This weekend I was driving around my old stomping grounds and I spotted exurban development within eight miles of the farm I grew up on. These are no longer single houses tucked into odd tree stands, but housing developments built on prime farmland.
By Susanne Retka Schill | August 15, 2011

I grew up on an old-fashioned, diversified small farm in southern Minnesota about 50 miles southwest of Minneapolis. My nephew still farms Pa’s quarter and eighty – and quite a few acres more than that, raising primarily corn and soybeans. I’ve lived in North Dakota over 30 years, but I do make it back home about once a year for a wedding or reunion or some other event.

For the last decade, I can’t help but notice how much the Twin Cities keeps moving out.
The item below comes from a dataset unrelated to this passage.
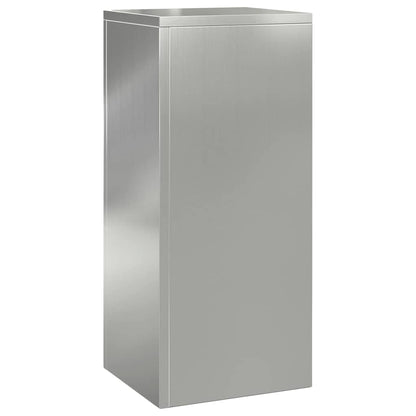 Supporto per piante 2 pcs Argento 24 x 24 x 55 cm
Every time I’d go home, I’d see new houses being tucked into any spot with trees. Any old farmsteads have long ago been bought up, and either the old farm house restored or a new house built. It’s pretty obvious when the transition has taken place from a working farm to a hobby farm.

This weekend I was driving around my old stomping grounds and I spotted exurban development within eight miles of the farm I grew up on. These are no longer single houses tucked into odd tree stands, but housing developments built on prime farmland. I believe Minnesota has laws in place protecting farmland from the property tax inflation that happens when urbanization moves into farm country. It is still virtually impossible, however, for a farmer to find affordable land to buy.
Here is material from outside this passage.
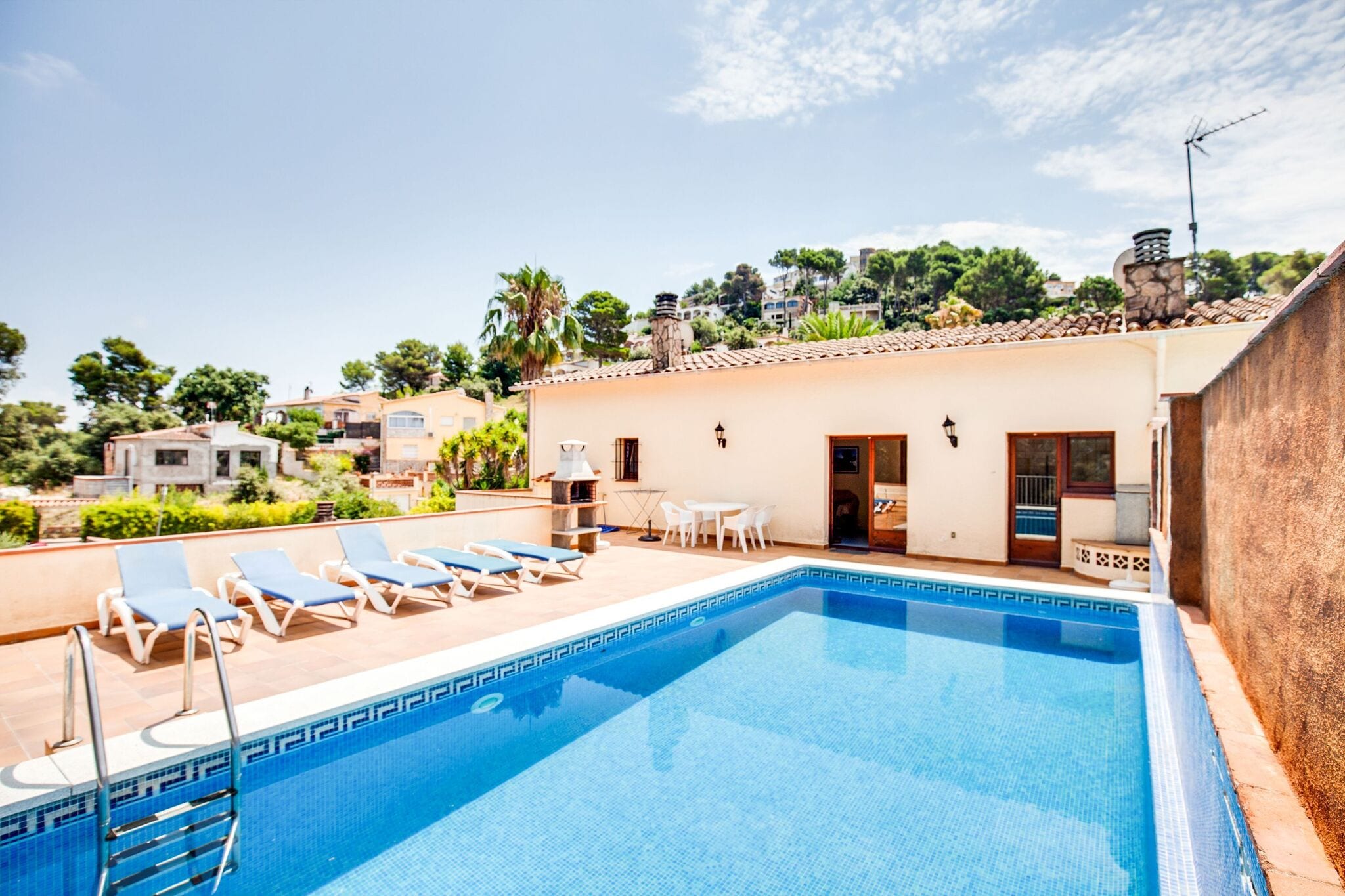 Gemütliches Ferienhaus mit Swimmingpool in Playa de Pals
Now this isn’t a new story. Urban sprawl has been happening for a century or better. But my question is, where are the people worried about the food versus houses problem? I wonder just what the impact of urban sprawl has been on the nation’s food supply as housing gobbles up farmland. Certainly, I remember truck farms on the western edge of the Twin Cities growing vegetables for the city that are now covered with asphalt and manicured grass. I hear that the immigrants, particularly the Hmong, have become quite the truck gardeners in another corner of the metropolitan area, although finding places where they can grow their gardens is a problem.

I now work in Grand Forks, N.D., which is located in the Red River Valley with its incredibly rich soils. I believe this region ranks with the black soils of the Ukraine as having the most productive agricultural land on earth. There is nary a word written – literally, because I read the local daily newspaper – about the impact on our food supply when yet another field gets converted into housing or some other development. Instead, there’s much celebration of progress.

Some have picked corn-based ethanol as THE evil that must be closely watched to be sure its expansion is halted or slown down, because of all the potential impacts on food and our natural resources. Urban sprawl is probably just as much a threat.